Put a Drift Maniac 11-28 on my 2.0 today. I like the gearing but I don't think it will last long because the gears are only half the thickness of the Shimano I took off.
 
I've had mine on for 3200 miles, it's a hub drive ebike so rarely do you stand on the pedals to go uphill putting very little stress on the drive train right? Use a chain wear guage every 500 miles, a worn chain will damage the freewheel pretty fast though...
 
Does the drift maniac 11-34 work on the XP 2.0 without getting a longer derailleur? I doubt I ever use the 34 but it's a cheaper part. I guess I could adjust the limits so I couldn't shift to the 34. Might need a longer chain as well...
 
I've got the 11-34 on a 1.0 and happy I did. If something goes wrong with the power and you have to peddle a 60lb bike up a hill you will be happy for the lower gear. I had to adjust the "b" screw on the deraileur a little to get the chain to work but my chain had about 400 miles on it. When I put a new chain on I kept it with two links more than stock. I don't think it would have worked on a new chain without the extra links. I'm pretty sure Lectric kept the same drive train for the 2.0. Get a kmc or Shimano chain, the cheaper brands have worn out too fast making them more expensive in the end for me. 3400 miles on a 1.0 so far. 2 sets brake pads, second chain (not counting the crap ones) 1 set of tires. Tires & chain at 2000 miles. Pretty good compared to what you get on a regular bike. Met a guy with a 2.0 and let me try it out, I'm so jealous... Better handling with the 3" tire and the wimpy little front shock made a lot more of a difference than I thought it would.
 
I've had mine on for 3200 miles, it's a hub drive ebike so rarely do you stand on the pedals to go uphill putting very little stress on the drive train right? Use a chain wear guage every 500 miles, a worn chain will damage the freewheel pretty fast though...
You are right, the explanation I read was that the chain gets "longer" over time as the holes and pins wear, and the worn chain will in turn wear the freewheel. All is well until you put on a new chain, and now the new chain pitch doesn't match the worn freewheel, causing skipping. 7 speed components seem a little dated but they always seemed to last a lot longer than the new-fangled 9+ speed stuff. perfect for a utility bike!
 
I rode a big Honda motorcycle for years when I was younger and living in LA and I tried to keep to a schedule to lubricate the chain every 500 miles. I used a spray that came out watery but quickly dried into a grease that wouldn't fly off easily.

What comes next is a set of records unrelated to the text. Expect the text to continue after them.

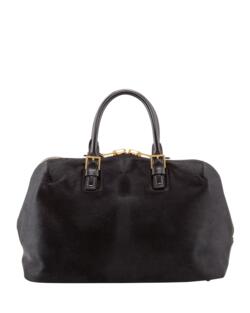 Sort taske af kalveskind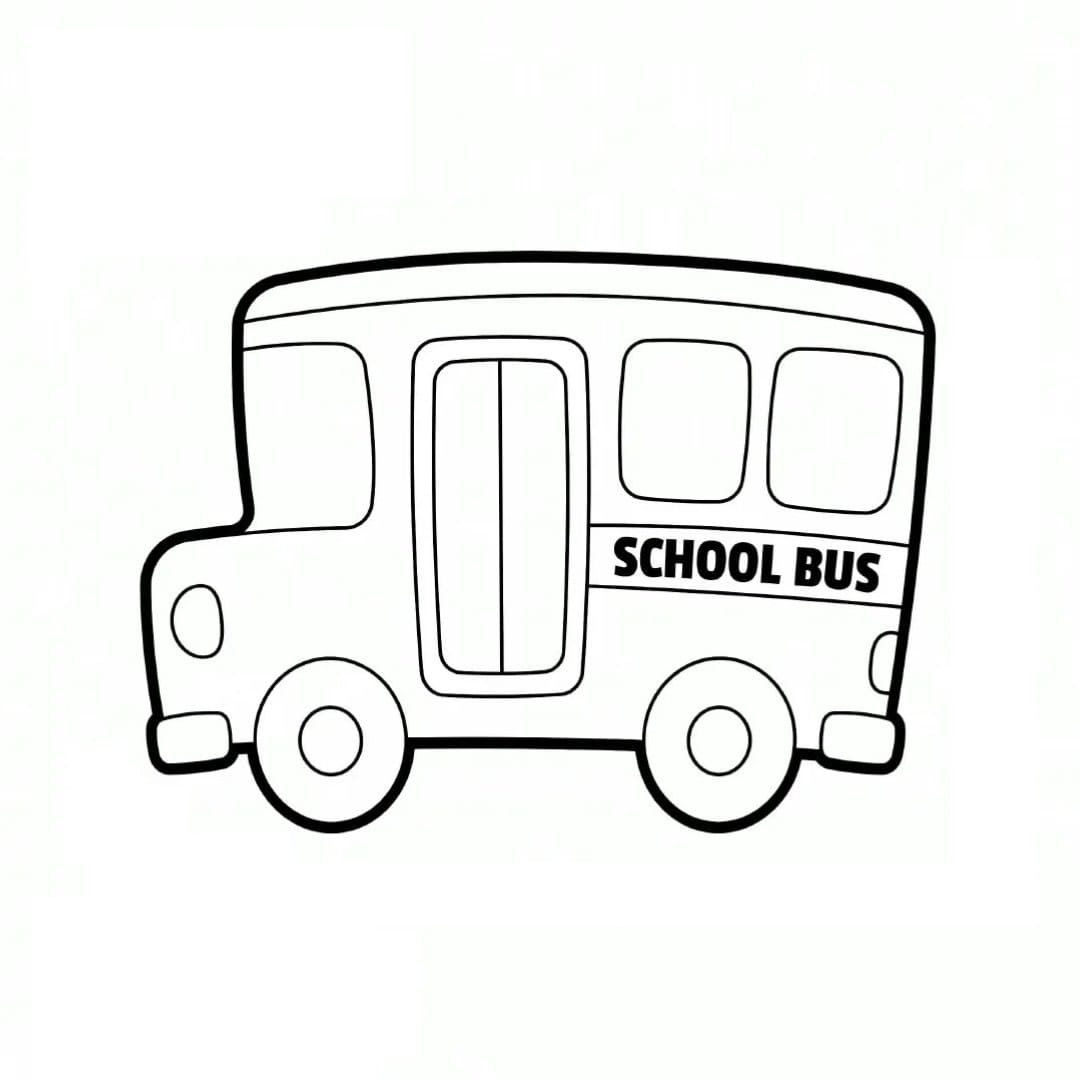 school bus coloring pictures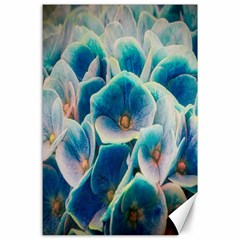 Hydrangeas-blossom-bloom-blue Canvas 24  X 36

I've heard some folks talk about lubricating the rollers. That's not the part that wears--it's the pivot point inside the links. Only way to get to it is to spray the side links on each side. I'd put the bike on the center stand, run it in first gear at idle and do one edge of the chain as it passed over the rear sprocket, then the other. Only took a minute or so. And of course a chain doesn't "stretch." The pivot points inside just wear away over time.

Some big motorcycle chains went so far as to have tiny o-rings inside each link in order to keep the internal factory grease from leaving.

BY ALL MEANS get the 11-34 freewheel. Makes an enormous improvement on both ends. And no adjustments needed except to screw in the B screw on the derailleur clockwise to the stop. Consult the Park Tools YouTube video if needed.

Oh, and no changes to chain length needed.